Friday, 10 February 2012

Argentine Media - UK media portraits CFK as 'quintessential bully'



After President Cristina Fernández de Kirchner announced Argentina will complain to the UN over the “militarisation” of the South Atlantic, British newspaper The Telegraph published a controversial article bringing back to life the possibility of the “Argentine regime” sending a military taskforce to the Malvinas, and warning that if so happens, Argentines should expect another “national humiliation.”

In his column, “Cristina Kirchner's sabre-rattling will not dent British resolve over the Falkland islands”, Washington-based foreign affairs analyst and political commentator Nile Gardiner, who appears frequently on BBC, and US right-wing networks Fox News Channel and Fox Business Network, compared the bully-type of behaviour shown by the military regime that ruled Argentina between 1976-1983 and decided to recover the Islands in 1982, with that of the Argentine Head of State

In what looked more like a propagandist article, and too far from the work of a journalist and/or foreign affairs analyst, the columnist indicated that the “regime” of Cristina Fernández de Kirchner is behaving the same way the Junta did almost 30 years ago, and warned that Argentina will face another national humiliation it dares to sketch a military invasion.
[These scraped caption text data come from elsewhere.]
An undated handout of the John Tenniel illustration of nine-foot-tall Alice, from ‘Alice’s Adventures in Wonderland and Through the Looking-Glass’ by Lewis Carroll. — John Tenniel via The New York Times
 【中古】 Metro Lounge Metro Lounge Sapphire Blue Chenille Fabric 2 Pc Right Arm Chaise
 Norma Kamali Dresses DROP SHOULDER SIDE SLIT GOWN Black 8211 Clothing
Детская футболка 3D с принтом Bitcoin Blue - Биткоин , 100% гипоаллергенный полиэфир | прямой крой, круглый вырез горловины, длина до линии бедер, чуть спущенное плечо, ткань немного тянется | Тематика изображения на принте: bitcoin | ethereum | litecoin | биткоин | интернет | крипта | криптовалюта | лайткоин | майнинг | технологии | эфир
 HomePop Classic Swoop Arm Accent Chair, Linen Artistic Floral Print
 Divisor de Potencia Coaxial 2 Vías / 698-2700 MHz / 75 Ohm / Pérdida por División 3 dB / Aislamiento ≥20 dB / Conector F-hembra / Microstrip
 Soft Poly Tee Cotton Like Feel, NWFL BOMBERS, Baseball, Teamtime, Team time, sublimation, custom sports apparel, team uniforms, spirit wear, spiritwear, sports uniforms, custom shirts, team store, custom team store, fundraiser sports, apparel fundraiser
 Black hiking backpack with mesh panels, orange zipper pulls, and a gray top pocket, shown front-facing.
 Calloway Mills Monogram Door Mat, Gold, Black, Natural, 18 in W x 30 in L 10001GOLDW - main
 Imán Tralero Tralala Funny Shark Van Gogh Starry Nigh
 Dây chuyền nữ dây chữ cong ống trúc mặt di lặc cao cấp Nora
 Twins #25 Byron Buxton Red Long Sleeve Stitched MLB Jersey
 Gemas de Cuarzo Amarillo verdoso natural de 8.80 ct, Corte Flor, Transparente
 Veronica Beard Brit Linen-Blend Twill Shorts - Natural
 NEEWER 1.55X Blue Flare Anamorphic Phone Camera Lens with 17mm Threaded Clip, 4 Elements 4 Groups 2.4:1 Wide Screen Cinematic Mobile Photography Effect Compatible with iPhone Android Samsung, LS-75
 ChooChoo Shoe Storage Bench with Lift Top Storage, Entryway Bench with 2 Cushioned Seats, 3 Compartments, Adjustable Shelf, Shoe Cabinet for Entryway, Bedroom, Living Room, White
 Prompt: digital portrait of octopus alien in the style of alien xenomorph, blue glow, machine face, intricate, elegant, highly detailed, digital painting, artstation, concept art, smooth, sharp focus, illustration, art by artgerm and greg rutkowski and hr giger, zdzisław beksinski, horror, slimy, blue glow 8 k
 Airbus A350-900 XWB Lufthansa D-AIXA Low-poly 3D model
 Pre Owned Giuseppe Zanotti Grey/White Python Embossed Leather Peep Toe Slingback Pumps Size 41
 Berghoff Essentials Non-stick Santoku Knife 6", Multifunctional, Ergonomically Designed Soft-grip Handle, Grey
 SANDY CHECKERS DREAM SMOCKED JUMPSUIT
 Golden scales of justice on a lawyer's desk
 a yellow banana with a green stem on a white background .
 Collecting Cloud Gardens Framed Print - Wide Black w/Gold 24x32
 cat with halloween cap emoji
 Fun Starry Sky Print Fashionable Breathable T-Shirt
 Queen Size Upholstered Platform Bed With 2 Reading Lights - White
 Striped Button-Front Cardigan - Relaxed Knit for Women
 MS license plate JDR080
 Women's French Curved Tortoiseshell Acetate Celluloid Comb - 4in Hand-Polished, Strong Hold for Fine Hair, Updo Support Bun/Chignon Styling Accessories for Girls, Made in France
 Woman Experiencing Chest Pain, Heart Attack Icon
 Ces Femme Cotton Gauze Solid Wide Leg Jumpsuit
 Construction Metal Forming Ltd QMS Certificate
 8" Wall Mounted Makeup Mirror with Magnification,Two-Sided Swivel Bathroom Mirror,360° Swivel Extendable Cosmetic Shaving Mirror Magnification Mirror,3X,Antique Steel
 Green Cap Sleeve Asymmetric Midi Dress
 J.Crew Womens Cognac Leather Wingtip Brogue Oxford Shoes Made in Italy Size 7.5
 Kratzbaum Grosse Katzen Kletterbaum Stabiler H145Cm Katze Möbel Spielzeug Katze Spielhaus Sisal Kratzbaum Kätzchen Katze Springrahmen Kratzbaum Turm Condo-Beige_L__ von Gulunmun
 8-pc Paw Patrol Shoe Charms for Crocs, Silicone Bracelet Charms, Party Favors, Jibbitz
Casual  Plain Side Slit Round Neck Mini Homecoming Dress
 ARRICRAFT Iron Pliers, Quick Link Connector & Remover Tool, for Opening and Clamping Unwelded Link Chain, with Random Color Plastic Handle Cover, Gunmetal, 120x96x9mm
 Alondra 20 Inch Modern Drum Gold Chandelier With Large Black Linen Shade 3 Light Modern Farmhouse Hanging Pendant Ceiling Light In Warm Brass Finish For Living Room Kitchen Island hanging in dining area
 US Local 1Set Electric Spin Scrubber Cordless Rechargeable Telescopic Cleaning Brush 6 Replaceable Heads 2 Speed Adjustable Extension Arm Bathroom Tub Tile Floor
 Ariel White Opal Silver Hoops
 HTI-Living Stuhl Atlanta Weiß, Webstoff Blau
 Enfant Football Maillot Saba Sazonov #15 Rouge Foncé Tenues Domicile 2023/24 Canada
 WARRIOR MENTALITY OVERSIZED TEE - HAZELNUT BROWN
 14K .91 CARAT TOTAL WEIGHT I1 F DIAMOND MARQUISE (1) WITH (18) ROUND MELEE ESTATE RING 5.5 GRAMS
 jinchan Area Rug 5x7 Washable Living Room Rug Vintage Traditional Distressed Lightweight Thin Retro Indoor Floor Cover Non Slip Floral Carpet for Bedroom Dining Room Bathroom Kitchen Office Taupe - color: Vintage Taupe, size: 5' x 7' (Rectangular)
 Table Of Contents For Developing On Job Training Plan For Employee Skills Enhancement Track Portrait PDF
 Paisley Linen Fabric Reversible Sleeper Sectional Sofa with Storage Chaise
“You can spot a bully a mile away. Full of bluster and hot air, they deflate swiftly when confronted and met with force. This is precisely what happened in 1982 to Argentina’s military junta after it decided to invade the Islands, and was defeated and brought to its knees by the British naval task force sent by Margaret Thatcher. It will happen again, if the regime in Buenos Aires tries to retake or cut off the islands, and Argentina will suffer another national humiliation, from which it will take decades to recover.”

“Cristina Kirchner is a quintessential bully, intimidating the media at home, while acting tough on the international stage. She has now set her sights on the 3,000 inhabitants of the Islands, over 90 percent of whom are British, and fewer than one percent Argentine.”

Sabre-rattling is used for describing a threatening behaviour which is intended to frighten someone, as well for the ostentatious display of military power with the implied threat that it might be used. Being that the definition, it is quite difficult to understand what sabre-rattling has the President engaged in, mostly after asking UK’s Prime Minister David Cameron to “give peace and dialogue a chance”, and emphasizing that "Britain better don't expect us to deal with this outside of politics or diplomacy. It is not going to happen. We have suffered too much.”

In the same tune, a communiqué released by the British Foreign Office remarked that the Islands sovereignty “is not negotiable under any circumstances, a message that Mrs Kirchner seems not to have grasped. She can plead all she likes at the United Nations, as she promised to do last night in her over-the-top speech in Buenos Aires, but it will not succeed in changing Britain’s principled position on the matter.”

Likewise, Gardiner who sees acts of provocation in every word of Fernández de Kirchner, also found “an air of desperation” about the President’s declarations made last night.

“The speech were the words of a fading diva, used to getting her way domestically, but a lightweight on the world stage. Mrs Kirchner should be concentrating on getting her own affairs in order, instead of threatening the sovereignty and livelihoods of thousands of British citizens hundreds of miles off the coast of Argentina.”

Mileage was also part of last night's speech as Fernández de Kirchner remembered once more that it's hard to understand how someone can claim soverreignty over a piece of land that's almost 7,941 miles or 12,780 kilometres away from London, and just a "hundreds of miles off the coast of Argentina."

Furthermore, the article portraits Argentina as a nation "that is rapidly losing both its political and economic freedom under her (Fernández de Kirchner) stewardship with a sharp turn to the Left. What should be a success story in the region is becoming a cautionary tale, where press freedom and judicial independence have come under fire.”

“Argentina is on a slippery slope to becoming another Latin American failure, and the image of masked thugs roaming the streets of Buenos Aires looking for British businesses to attack is a sad symbol of a decaying regime.”

"It should come as no surprise that a president who cares little for the liberty of her own people also seeks to take away the freedoms of the people of the Islands, restored through the sacrifice of 255 British servicemen three decades ago. She will swiftly find however that her sabre-rattling in the South Atlantic will fail to make a dent in British resolve, and if pursued to their conclusion will result in her downfall.”